A pilaf is a great way to use up leftover scraps of meat but needs plenty of spice and texture to make it more than a dumping ground for leftovers.This is a master recipe you can vary in any number of ways depending on what you have in your storecupboard.

Ingredients

Quantity Ingredient
2 tablespoons oil
1 onion
1 teaspoon each ground cumin and coriander
1 garlic clove, peeled and crushed
6 medium sized mushrooms, wiped clean and chopped small
75-100g chopped dried fruit, such as apricots, figs or prunes (optional)
100ml basmati rice, measured in a jug
200ml good flavoured stock, preferably made from the carcass of the bird in question
a small handful nuts and/or seeds, e.g.chopped cashews, almonds or brazil nuts (optional)
250g lean cooked game - pheasant, partridge or duck - or even turkey
2 tablespoons finely chopped green herbs, such as coriander, parsley and/or mint
wedges orange or lemon

Method

  1. Heat the oil and fry the chopped onion over a moderately high heat until the edges are beginning to turn brown (about 5-6 minutes). Stir in the spices, cook for a few seconds then add the garlic and the mushrooms and dried fruit if using. Cook for a couple of minutes then add the rice, stir and pour over the stock. Bring to the boil, cover and turn the heat down and cook until the stock is absorbed. Turn the heat off and leave the rice to rest for б minutes. Dry fry the nuts and/or seeds if using in a small frying pan until lightly browned and beginning to release their fragrance. Tip onto a plate and set aside. Add a tablespoon of oil to the pan and fry the chopped game until slightly crispy.

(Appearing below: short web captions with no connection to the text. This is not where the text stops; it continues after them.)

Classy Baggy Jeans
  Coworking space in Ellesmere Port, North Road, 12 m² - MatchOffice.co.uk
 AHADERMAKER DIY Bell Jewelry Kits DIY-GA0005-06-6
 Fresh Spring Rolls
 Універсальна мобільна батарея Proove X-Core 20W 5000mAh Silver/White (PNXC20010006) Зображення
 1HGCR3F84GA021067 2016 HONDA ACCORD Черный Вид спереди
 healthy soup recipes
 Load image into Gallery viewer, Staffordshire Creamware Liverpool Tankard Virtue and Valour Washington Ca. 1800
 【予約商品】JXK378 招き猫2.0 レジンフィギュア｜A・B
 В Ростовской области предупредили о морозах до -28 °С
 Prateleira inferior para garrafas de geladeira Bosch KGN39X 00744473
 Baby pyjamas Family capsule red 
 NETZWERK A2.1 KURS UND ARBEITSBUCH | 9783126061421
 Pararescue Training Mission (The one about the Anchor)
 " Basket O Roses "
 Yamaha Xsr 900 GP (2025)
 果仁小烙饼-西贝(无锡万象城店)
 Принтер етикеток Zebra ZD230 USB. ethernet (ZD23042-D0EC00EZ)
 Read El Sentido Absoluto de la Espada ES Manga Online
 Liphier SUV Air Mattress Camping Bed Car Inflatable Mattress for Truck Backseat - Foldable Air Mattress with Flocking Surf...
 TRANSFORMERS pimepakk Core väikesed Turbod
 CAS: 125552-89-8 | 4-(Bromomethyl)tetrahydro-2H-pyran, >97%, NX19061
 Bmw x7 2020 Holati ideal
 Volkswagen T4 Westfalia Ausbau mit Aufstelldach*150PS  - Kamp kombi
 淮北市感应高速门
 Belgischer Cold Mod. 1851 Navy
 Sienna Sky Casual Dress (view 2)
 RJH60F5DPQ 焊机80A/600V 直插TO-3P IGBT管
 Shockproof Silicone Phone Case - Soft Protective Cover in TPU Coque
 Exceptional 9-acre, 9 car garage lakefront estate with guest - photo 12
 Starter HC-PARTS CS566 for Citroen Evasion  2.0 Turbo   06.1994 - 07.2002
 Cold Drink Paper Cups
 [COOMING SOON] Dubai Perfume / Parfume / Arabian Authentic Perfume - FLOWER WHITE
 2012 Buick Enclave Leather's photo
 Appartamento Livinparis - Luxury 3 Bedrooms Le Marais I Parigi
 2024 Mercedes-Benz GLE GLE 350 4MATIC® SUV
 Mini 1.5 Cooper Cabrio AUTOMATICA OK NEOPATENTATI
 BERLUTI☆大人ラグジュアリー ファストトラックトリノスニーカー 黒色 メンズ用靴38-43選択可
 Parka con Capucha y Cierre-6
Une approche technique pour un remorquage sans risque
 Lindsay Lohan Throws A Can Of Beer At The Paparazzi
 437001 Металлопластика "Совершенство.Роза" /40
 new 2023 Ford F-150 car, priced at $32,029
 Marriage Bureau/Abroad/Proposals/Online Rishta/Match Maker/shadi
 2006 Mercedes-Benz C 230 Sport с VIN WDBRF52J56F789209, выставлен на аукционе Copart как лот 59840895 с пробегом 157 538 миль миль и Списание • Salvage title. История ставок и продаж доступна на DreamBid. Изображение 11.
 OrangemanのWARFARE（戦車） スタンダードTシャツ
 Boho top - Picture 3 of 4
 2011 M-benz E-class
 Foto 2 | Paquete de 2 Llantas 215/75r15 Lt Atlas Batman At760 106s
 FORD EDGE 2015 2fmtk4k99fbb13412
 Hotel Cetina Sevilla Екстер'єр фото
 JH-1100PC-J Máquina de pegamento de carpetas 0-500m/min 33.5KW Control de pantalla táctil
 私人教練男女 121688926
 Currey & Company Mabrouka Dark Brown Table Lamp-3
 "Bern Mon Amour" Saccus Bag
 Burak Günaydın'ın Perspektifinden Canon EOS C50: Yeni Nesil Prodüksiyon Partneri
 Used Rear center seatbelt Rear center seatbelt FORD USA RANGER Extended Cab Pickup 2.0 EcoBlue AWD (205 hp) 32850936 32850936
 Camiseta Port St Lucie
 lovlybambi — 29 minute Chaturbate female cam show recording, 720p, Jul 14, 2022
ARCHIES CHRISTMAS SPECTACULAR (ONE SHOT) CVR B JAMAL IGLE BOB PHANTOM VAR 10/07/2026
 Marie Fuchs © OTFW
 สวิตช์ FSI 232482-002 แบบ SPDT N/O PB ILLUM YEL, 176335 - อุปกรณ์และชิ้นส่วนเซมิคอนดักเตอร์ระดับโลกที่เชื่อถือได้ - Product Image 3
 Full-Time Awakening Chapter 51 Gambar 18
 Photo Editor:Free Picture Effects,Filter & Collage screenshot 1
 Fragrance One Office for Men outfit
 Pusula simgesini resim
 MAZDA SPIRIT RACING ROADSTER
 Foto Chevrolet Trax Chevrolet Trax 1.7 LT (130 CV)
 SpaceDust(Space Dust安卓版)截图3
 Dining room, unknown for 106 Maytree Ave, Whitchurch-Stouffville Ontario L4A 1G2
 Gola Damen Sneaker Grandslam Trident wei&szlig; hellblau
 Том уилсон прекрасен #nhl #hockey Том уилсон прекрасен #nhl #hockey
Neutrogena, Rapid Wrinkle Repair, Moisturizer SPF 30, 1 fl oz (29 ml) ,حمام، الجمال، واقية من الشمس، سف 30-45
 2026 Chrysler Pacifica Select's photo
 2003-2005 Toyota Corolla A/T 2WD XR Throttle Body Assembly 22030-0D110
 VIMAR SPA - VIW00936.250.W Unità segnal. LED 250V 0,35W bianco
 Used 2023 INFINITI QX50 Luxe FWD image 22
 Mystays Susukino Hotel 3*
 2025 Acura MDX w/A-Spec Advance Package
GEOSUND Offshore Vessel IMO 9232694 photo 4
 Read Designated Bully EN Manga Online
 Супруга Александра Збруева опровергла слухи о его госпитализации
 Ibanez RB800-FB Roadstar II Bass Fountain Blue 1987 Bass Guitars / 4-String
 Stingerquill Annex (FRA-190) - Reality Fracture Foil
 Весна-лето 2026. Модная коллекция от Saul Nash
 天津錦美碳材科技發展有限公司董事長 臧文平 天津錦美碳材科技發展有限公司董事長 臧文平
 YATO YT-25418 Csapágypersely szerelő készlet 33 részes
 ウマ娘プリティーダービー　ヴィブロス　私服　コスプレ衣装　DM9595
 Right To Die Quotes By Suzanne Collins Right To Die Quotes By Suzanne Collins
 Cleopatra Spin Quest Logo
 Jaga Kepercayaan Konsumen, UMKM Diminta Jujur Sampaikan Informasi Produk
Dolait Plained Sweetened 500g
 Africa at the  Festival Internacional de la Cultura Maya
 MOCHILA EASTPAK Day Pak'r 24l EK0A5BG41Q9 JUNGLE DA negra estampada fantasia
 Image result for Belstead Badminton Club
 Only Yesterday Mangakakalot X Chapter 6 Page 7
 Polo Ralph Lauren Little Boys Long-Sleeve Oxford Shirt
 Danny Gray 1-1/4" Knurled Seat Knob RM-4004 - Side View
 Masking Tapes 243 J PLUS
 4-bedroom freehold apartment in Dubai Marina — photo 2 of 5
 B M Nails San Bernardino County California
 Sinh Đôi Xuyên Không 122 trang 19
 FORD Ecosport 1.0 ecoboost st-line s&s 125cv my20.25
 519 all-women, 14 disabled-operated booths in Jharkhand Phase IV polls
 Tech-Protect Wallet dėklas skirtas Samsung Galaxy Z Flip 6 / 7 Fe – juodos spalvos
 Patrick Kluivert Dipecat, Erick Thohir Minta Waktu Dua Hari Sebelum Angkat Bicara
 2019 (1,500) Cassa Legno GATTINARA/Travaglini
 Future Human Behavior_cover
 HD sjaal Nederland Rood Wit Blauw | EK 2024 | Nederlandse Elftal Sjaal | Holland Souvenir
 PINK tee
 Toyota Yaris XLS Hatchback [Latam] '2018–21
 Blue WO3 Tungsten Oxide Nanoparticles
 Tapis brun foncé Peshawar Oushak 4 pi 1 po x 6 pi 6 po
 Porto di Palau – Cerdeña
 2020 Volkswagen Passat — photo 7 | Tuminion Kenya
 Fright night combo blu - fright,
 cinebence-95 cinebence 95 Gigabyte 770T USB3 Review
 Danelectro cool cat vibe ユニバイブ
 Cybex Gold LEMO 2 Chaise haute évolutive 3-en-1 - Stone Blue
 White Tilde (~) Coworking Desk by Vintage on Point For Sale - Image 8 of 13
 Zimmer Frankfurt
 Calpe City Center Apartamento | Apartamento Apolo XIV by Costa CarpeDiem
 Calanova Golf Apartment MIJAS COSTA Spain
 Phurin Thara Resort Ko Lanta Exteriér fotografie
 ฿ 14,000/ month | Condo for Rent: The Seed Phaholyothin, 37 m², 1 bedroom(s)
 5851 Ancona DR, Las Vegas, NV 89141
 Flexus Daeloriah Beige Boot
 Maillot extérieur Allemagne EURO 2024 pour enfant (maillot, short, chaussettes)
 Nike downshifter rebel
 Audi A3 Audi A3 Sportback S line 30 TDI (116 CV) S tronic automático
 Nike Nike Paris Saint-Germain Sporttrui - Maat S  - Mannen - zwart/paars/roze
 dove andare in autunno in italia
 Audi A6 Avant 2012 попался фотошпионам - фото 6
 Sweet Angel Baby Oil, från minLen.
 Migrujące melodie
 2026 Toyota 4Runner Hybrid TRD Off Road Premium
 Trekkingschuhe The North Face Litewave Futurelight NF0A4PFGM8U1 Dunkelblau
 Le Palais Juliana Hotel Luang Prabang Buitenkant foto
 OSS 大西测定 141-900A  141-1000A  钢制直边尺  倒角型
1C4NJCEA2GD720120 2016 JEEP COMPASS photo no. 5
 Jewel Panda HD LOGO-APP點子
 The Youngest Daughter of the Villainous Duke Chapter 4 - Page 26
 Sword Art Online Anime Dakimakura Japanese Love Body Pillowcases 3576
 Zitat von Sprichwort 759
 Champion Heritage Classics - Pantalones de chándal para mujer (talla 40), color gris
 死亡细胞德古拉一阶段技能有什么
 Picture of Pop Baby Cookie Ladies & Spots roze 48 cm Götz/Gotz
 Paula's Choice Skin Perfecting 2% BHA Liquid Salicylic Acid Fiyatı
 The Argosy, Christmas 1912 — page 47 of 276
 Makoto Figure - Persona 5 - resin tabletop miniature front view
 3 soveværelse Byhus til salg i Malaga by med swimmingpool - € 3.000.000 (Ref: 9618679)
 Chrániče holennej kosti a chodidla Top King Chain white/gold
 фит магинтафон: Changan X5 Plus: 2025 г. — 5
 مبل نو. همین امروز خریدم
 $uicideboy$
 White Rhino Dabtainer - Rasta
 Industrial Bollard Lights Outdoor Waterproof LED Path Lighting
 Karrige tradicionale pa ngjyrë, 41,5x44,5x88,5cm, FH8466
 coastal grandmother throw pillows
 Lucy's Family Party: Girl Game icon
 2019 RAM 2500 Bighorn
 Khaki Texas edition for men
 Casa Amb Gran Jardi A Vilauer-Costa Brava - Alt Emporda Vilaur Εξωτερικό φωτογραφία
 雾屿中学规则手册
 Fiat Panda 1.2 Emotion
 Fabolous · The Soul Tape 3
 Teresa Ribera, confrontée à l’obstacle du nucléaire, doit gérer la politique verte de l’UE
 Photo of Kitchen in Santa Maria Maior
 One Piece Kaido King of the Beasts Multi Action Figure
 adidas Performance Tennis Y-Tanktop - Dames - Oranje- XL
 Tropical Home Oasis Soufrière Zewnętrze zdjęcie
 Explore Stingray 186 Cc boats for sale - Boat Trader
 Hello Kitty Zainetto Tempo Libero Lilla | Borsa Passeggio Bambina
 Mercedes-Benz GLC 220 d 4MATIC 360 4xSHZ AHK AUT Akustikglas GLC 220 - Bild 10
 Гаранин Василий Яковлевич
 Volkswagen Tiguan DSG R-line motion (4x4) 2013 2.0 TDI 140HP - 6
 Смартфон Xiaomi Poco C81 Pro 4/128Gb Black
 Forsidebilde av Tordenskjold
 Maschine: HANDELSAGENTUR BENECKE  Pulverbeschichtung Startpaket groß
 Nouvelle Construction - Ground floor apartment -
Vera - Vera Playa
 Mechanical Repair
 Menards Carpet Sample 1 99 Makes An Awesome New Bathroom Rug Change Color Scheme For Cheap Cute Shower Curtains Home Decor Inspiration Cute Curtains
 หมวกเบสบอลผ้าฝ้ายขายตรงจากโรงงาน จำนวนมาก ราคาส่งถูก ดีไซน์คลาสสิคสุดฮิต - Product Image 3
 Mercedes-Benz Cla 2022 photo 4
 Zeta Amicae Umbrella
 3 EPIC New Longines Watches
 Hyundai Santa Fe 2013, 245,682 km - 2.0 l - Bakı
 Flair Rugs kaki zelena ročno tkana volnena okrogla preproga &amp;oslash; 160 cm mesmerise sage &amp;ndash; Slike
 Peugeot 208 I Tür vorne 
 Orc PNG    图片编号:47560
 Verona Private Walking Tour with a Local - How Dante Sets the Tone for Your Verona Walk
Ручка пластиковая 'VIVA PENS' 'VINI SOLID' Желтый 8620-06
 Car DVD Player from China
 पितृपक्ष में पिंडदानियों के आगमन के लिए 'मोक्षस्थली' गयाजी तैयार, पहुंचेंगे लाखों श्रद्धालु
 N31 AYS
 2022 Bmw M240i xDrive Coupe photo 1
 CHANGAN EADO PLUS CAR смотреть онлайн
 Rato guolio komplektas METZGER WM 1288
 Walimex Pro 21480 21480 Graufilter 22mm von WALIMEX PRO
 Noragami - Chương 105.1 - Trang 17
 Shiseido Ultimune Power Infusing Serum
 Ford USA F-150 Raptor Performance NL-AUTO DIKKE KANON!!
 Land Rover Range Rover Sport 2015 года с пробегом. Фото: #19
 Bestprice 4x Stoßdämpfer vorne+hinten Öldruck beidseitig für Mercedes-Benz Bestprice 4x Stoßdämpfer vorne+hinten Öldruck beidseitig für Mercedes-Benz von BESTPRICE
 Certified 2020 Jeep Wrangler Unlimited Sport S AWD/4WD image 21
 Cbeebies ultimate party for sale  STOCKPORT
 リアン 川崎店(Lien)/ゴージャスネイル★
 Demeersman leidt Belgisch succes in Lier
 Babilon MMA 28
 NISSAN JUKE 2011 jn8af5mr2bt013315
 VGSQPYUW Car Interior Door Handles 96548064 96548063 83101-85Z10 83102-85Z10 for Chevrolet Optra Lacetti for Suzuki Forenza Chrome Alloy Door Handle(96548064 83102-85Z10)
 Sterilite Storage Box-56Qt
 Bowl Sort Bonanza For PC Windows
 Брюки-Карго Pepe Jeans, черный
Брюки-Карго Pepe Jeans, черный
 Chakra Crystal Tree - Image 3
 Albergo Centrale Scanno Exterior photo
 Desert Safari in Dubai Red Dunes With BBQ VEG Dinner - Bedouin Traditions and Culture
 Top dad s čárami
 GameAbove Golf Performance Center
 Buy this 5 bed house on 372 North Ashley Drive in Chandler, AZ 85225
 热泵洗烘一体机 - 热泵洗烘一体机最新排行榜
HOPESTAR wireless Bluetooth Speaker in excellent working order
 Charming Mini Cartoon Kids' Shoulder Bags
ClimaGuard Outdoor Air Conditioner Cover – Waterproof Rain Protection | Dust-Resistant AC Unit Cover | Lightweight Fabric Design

Fork the seeds, fried game and herbs through the pilaf and serve with wedges of orange or lemon for squeezing over the dish.

Variations

  • You can make a more spring-like pilaf based on chicken and spring vegetables such as peas, broad beans, broccoli and asparagus garnished with lighter nuts like almonds and pistachios.

Thrifty tip

  • Look out for 'bin ends' in your local health food store. It's a cheap way to buy small amounts of nuts and seeds.